One of the curious features of Unix systems (including Linux) is the "uninterruptible sleep" state. This is a state that a process can enter when doing certain system calls. In this state, the process is blocked performing a sytem call, and the process cannot be interrupted (or killed) until the system call completes. Most of these uninterruptible system calls are effectively instantaneous meaning that you never observe the uninterruptible nature of the system call. In rare cases (often because of buggy kernel drivers, but possibly for other reasons) the process can get stuck in this uninterruptible state. This is very similar to the zombie process state in the sense that you cannot kill a process in this state, although it's worth that the two cases happen for different reasons. Typically when a process is wedged in the uninterruptible sleep state your only recourse is to reboot the system, because there is literally no way to kill the process.

One infamous example of this has been Linux with NFS. For historical reasons certain local I/O operations are not interruptible. For instance, the mkdir(2) system call is not interruptible, which you can verify from its man page by observing that this system call cannot return EINTR. On a normal system the worst case situation for mkdir would be a few disk seeks, which isn't exactly fast but isn't the end of the world either. On a networked filesystem like NFS this operation can involve network RPC calls that can block, potentially forever. This means that if you get the right kind of horkage under NFS, a program that calls mkdir(2) can get stuck in the dreaded uninterruptible sleep state forever. When this happens there's no way to kill the process and the operator has to either live with this zombie-like process or reboot the system. The Linux kernel programmers could "fix" this by making the mkdir(2) system call interruptible so that mkdir(2) could return EINTR. However, historical Unix system since the dawn of time don't return EINTR for this system call so Linux adopts the same convention.

This was actually a big problem for us at my first job out of college at Yelp. At the time we had just taken the radical step of moving images out of MySQL tables storing the raw image data in a BLOB column, and had moved the images into NFS served from cheap unreliable NFS appliances. Under certain situations the NFS servers would lock up and processes accessing NFS would start entering uninterruptible sleep as they did various I/O operations. When this happened, very quickly (e.g. in a minute or two) every single Apache worker would service a request handler doing one of these I/O operations, and thus 100% of the Apache workers would become stuck in the uninterruptible sleep state. This would quite literally bring down the entire site until we rebooted everything. We eventually "solved" this problem by dropping the NFS dependency and moving things to S3.

Another fun fact about the uninterruptible sleep state is that occassionally it may not be possible to strace a process in this state. The man page for the ptrace system call notes that under rare circumstances attaching to a process using the ptrace system call can cause the traced process to be interrupted. If the process is in uninterruptible sleep then the process can't be interrupted, which will cause the strace process itself to hang forever. Remarkably, it appears that the ptrace(2) system call is itself uninterruptible, which means that if this happens you may not be able to kill the strace process!

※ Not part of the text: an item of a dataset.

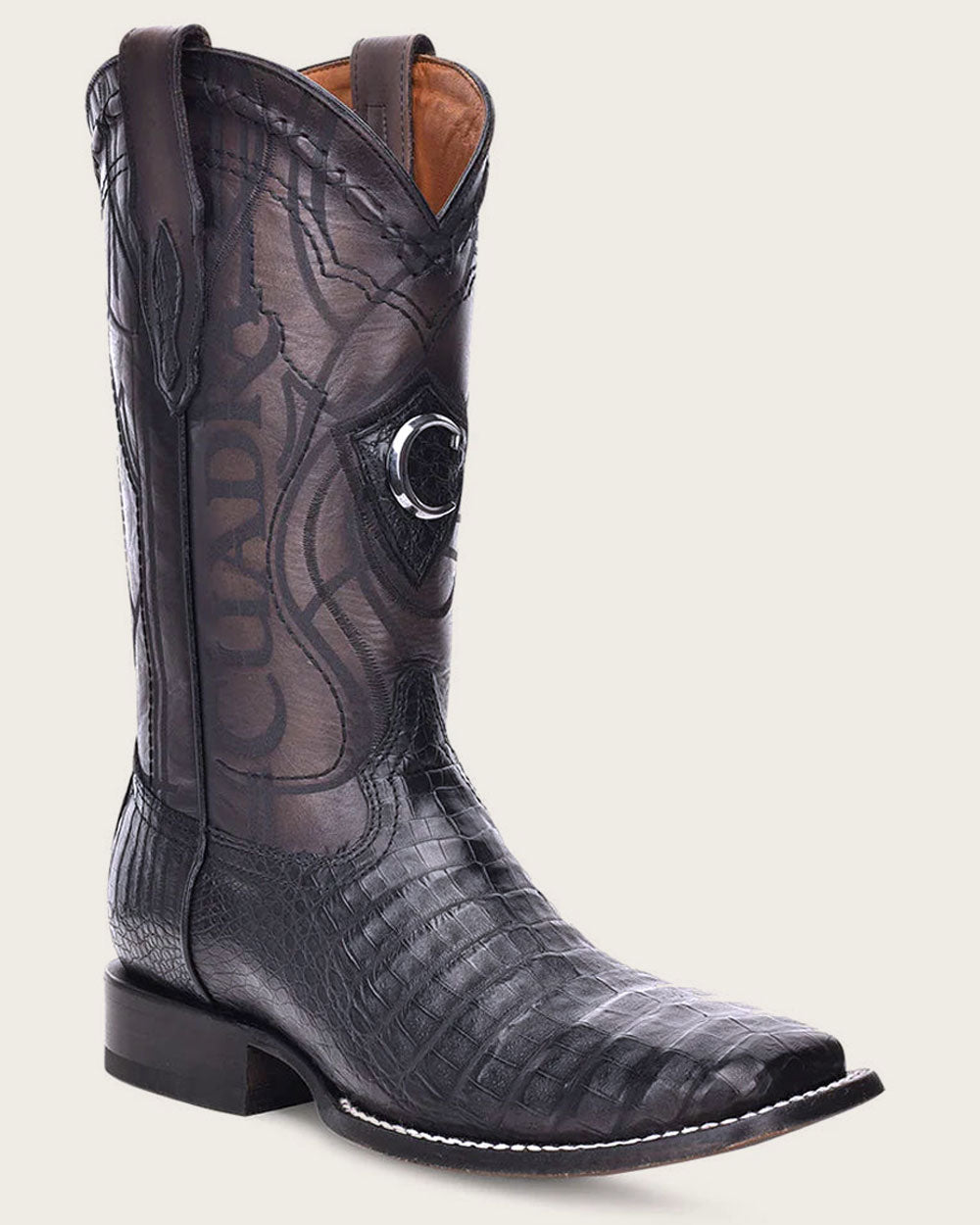 Cuadra CU678 Black Caiman Square Toe – official Cuadra photo 1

Tonight I learned about a "new" feature in Linux: the TASK_KILLABLE state. This is sort of a compromise between processes in interruptible sleep and processes in uninterruptible sleep. A process in the TASK_KILLABLE state still cannot be interrupted in the usual sense (i.e. you can't force the system call to return EINTR); however, processes in this state can be killed. This means that, for instance, processes doing I/O over NFS can be killed if they get into a wedged state. Not all system calls implement this state, so it's still possible to get stuck unkillable processes for some system calls, but it's certainly an improvement over the previous situation. As usual LWN has a great article on the subject including information about the historical semantics of uinterruptible sleep on Linux.